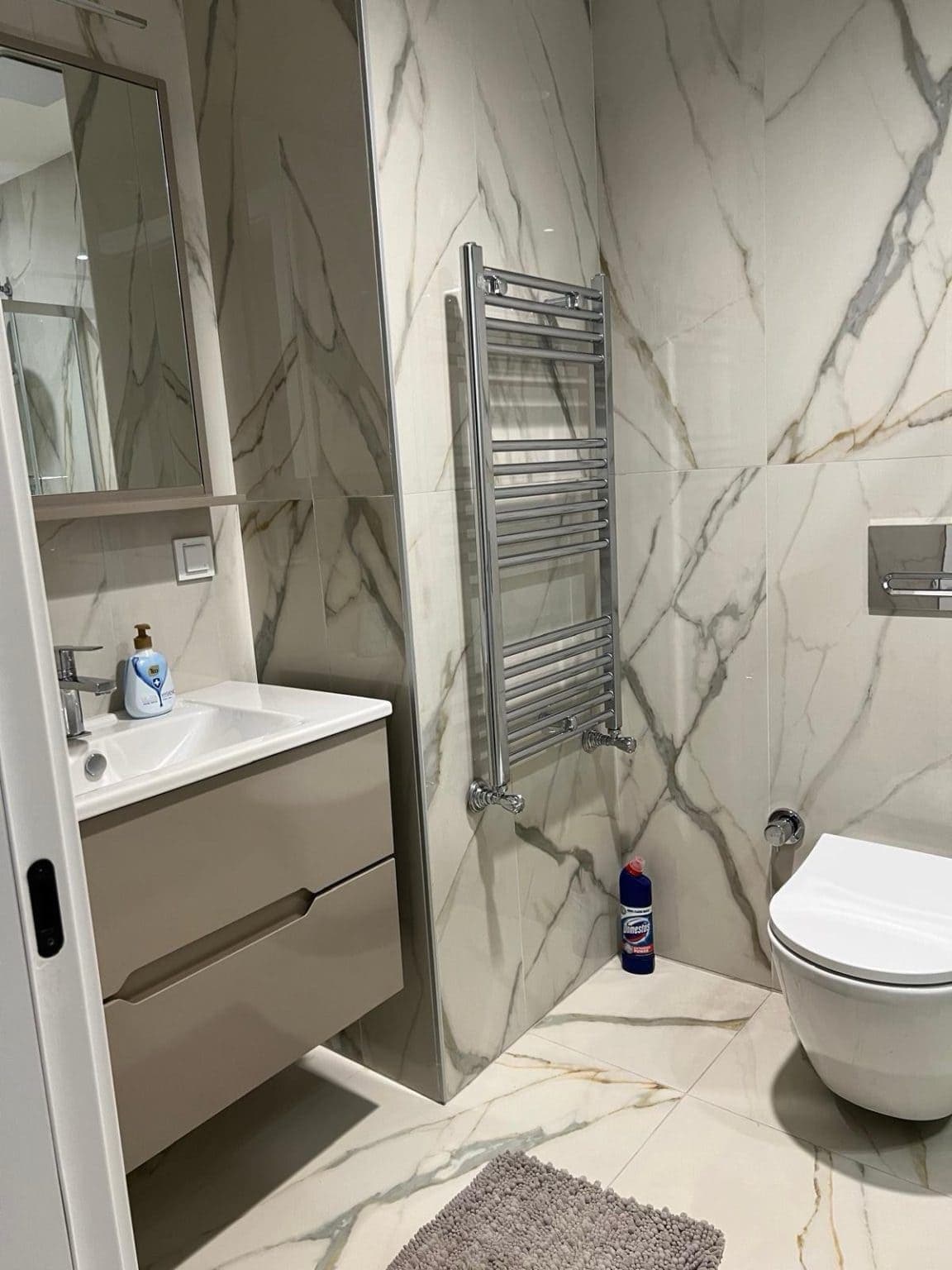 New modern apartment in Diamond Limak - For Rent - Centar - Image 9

* * *

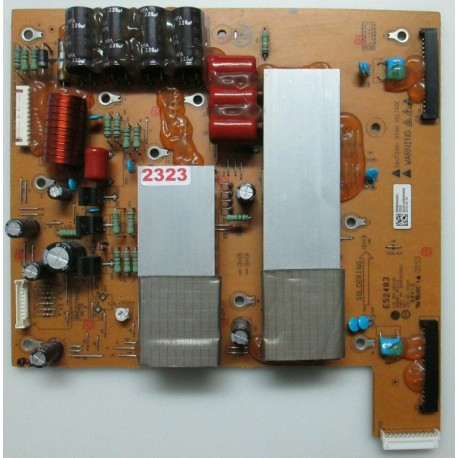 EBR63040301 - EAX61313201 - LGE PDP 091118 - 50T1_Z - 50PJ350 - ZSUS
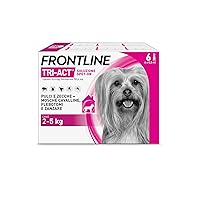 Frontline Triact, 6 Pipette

* [About this exercise] What belongs in the answer is each line above from the line with "EBR63040301 - EAX61313201" to the line with "Frontline Triact, 6 Pipette", inclusive, reproduced exactly and free of pictures.

* [Answer for this exercise]
 EBR63040301 - EAX61313201 - LGE PDP 091118 - 50T1_Z - 50PJ350 - ZSUS
 Frontline Triact, 6 Pipette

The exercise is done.